HEERSER VAN HET KONINKRIJK GODS
Vóór Jezus’ geboorte zei de engel Gabriël tot Maria dat Jezus een machtige koning zou zijn. Gedurende zijn gehele aardse bediening predikte Jezus over Gods koninkrijk, waarvan hij de heerser zou zijn, terwijl hij zijn volgelingen zelfs tot God leerde bidden: „Uw koninkrijk kome. Uw wil geschiede, gelijk in de hemel, alzo ook op aarde.” En hij drong er bij hen op aan om ’dan eerst het koninkrijk te blijven zoeken’ (Matth. 6:10, 33). Het koninkrijk Gods vormde het thema van zijn prediking.
Jezus heeft gedurende zijn bediening ook vele wonderen van gezondmaking verricht, terwijl hij zelfs doden heeft opgewekt, om op een kleine schaal aan te tonen wat er onder Gods koninkrijk op aarde zal gebeuren. Over één voorval merkt de bijbel op: „Grote scharen [kwamen] naar hem toe, die kreupelen, verminkten, blinden, stommen en vele anderen bij zich hadden, en zij wierpen hen gewoonweg aan zijn voeten, en hij genas hen, zodat de schare verbaasd stond toen zij zagen dat de stommen spraken en de kreupelen liepen en de blinden konden zien” (Matth. 15:30, 31; 9:35). Stelt u zich het geluk eens voor wanneer, onder Christus’ bestuur, blinde ogen geopend zullen worden, wanneer dove oren weer zullen kunnen horen en kreupele armen en benen genezen zullen worden. Alle ziekte en lijden zullen tot het verleden behoren. Wat zal dat een zegen zijn! — Openb. 21:3, 4.

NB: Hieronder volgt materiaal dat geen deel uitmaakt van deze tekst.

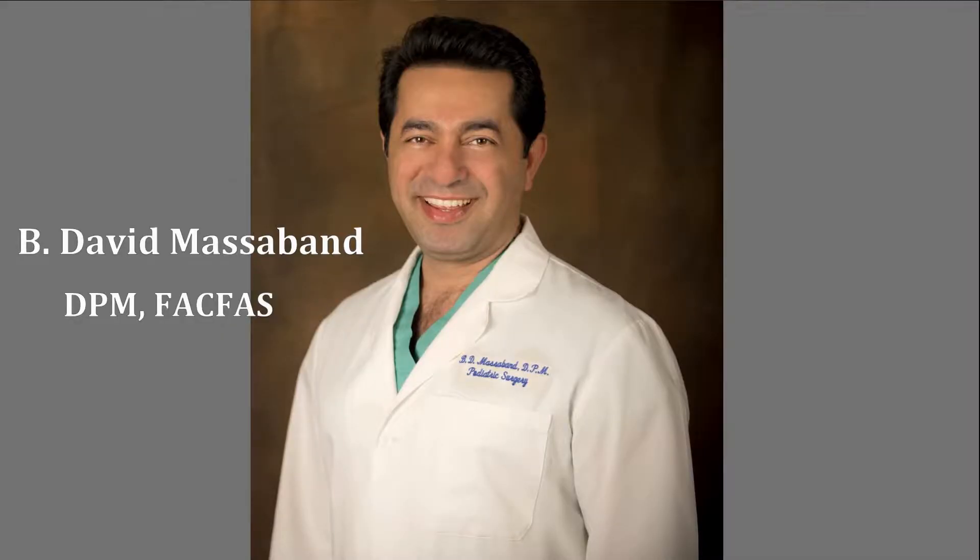This is Dr. Benham David Massaban from Tower Podiatry. This is Dr. Hasid at Tower Podiatry.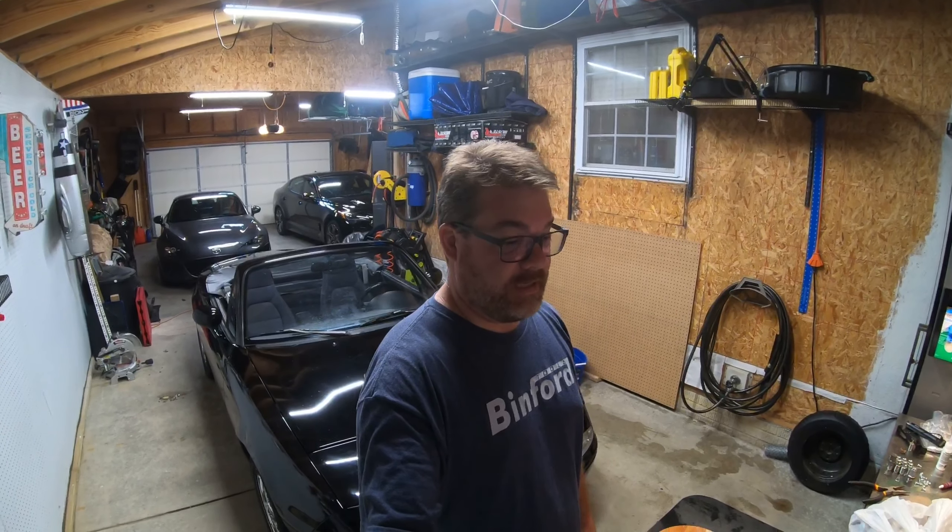Good morning YouTube. I'm Jason. This is my garage and I'm exhausted. I've been working on the Miata behind me quite a bit here lately. I just finished giving it a quick wash — a bucket wash, the first bucket wash since we've had it. This video is going to be all about the paint and seeing what we can do to get this paint looking as good as it possibly can. It's been sitting in the barn for a number of years and it needs a lot of love.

Jezus zelf is degene die door God tot heerser van het Koninkrijk is gezalfd. Toen Jezus naar de hemel terugkeerde, was de bestemde tijd waarop hij die koninklijke macht zou uitoefenen, echter nog niet aangebroken. Hij moest op de door zijn Vader vastgestelde tijd wachten (Hand. 2:34-36). Niettemin wees hij vooruit naar de tijd dat hij met Koninkrijksmacht zou terugkeren en zei: „Wanneer de Zoon des mensen gekomen zal zijn in zijn heerlijkheid, en alle engelen met hem, dan zal hij op zijn glorierijke troon plaats nemen. En alle natiën zullen voor hem worden vergaderd, en hij zal de mensen van elkaar scheiden, zoals een herder de schapen van de bokken scheidt.” — Matth. 25:31, 32.
Wij leven thans in die scheidingstijd. Spoedig zal Christus, die op zijn hemelse troon is gezeten, zijn koninklijke autoriteit gebruiken om de goddelozen te verdelgen en de zachtmoedige, met schapen te vergelijken personen, die het aardse grondgebied van het Koninkrijk zullen beërven, te bevrijden. Lang geleden werd in de bijbelse profetie voorzegd: „Want de boosdoeners zelf zullen afgesneden worden, . . . en de goddeloze zal er niet meer zijn; en gij zult stellig acht geven op zijn plaats, en hij zal er niet zijn. De zachtmoedigen daarentegen zullen de aarde bezitten, en zij zullen inderdaad hun heerlijke verrukking vinden in de overvloed van vrede. De rechtvaardigen, díe zullen de aarde bezitten, en zij zullen er eeuwig op verblijven.” — Ps. 37:9-11, 29; Matth. 25:34, 41, 46.
Door bemiddeling van Jezus Christus zijn er zegeningen beschikbaar voor de gehele mensheid, maar wij moeten geloof in hem oefenen om ze te kunnen ontvangen (Joh. 3:36). Wij moeten zijn discipelen worden en ons aan hem als onze hemelse koning onderwerpen. Zult u dat doen? Er zijn tegenstanders die het u willen verhinderen, maar indien u uw volledige vertrouwen op Jehovah stelt, zult u zonder mankeren de zegeningen ontvangen die God in petto heeft voor wie hem liefhebben. — Ps. 62:7, 8.